Lob und Kritik am neuen Minister und an der Bundesregierung

Der neue Minister wurde teils als politischer Vollprofi, der sich auf Landes- und Gemeindeebene viel Erfahrung erworben hat, begrüßt, teils zeigten OppositionsrednerInnen freundliche bis kritische Zurückhaltung. So zollte etwa Edgar Mayr (V/V) dem neuen Minister Anerkennung dafür, dass er sich sofort eingearbeitet hat, keine Schonfrist braucht und aktiv auf die Situation zugeht. Sicherheit brauche vor allem auch regionale Strukturen, sagte Mayr, und daher sei es gerade in Hinblick auf die Migrationswelle wichtig, dass Sobotka diese genau kennt.

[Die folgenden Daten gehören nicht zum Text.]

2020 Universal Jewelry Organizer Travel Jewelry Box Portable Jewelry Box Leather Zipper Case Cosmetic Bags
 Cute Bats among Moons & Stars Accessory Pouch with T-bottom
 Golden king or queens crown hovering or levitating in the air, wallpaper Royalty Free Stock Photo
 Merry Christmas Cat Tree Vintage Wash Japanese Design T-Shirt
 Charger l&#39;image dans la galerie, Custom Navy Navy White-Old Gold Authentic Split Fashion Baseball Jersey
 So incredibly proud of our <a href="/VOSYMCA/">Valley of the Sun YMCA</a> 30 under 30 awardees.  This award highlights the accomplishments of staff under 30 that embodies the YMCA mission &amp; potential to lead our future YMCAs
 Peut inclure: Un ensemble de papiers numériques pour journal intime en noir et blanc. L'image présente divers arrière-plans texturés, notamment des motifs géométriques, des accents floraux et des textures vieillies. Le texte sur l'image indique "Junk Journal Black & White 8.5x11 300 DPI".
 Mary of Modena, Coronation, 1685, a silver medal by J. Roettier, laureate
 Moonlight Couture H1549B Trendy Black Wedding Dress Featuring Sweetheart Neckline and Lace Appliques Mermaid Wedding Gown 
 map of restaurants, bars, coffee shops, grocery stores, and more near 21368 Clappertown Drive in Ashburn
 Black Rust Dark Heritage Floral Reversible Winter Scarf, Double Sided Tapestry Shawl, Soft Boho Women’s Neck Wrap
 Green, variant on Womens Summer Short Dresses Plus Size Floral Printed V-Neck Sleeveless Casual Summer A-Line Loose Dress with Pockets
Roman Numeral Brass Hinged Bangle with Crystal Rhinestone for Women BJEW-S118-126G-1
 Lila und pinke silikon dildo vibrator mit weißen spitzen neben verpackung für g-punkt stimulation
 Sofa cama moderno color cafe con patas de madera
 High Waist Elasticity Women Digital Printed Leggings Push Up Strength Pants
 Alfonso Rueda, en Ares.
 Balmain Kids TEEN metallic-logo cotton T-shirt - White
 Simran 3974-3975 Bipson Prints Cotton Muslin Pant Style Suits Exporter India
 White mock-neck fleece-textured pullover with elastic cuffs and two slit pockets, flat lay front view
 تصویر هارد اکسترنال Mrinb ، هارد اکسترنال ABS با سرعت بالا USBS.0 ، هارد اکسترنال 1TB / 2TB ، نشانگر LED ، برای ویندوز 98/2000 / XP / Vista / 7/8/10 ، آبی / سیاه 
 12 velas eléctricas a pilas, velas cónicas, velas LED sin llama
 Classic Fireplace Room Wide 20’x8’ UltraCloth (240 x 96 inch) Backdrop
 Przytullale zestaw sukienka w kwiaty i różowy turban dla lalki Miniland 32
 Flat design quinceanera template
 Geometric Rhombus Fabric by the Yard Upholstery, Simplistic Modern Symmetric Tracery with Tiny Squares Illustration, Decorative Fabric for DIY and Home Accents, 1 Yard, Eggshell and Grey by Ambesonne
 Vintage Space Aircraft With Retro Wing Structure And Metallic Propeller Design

Die Flüchtlingskrise sei nur durch ein gutes Zusammenarbeiten zwischen Bund, Ländern und Gemeinden bewältigbar. Ebenso signalisierte Reinhard Todt (S/W) Unterstützung, indem er den Sicherheitsschwerpunkt des neuen Ministers, der sich vor allem im Rahmen des Budgets manifestiert, begrüßte. Dies sei besonders für die ältere Generation wichtig, die sich durch eine größere Polizeipräsenz sicherer fühle.

Kritische Töne kamen von der Opposition. Vor allem Monika Mühlwerth (F/W) und Arnd Meißl (F/St) warnten vor der steigenden Kriminalität, die sie mit dem Zuzug von Asylwerbern in Verbindung brachten. Die Bundesregierung habe viel zu lange abgewartet und nicht reagiert, sondern sich vielmehr der Willkommenskultur von Angela Merkl angeschlossen, kritisierte Mühlwerth. Frauen seien überdurchschnittlich um ihre Sicherheit besorgt, betonte Meißl, der darauf drängte, endlich die Kriminalitäts-hot-spots, wo sich kaum mehr ein normaler Mensch hintraut, zu bereinigen. Meißl forderte im übrigen Neuwahlen, damit man zu einer echten Regierungsumbildung komme.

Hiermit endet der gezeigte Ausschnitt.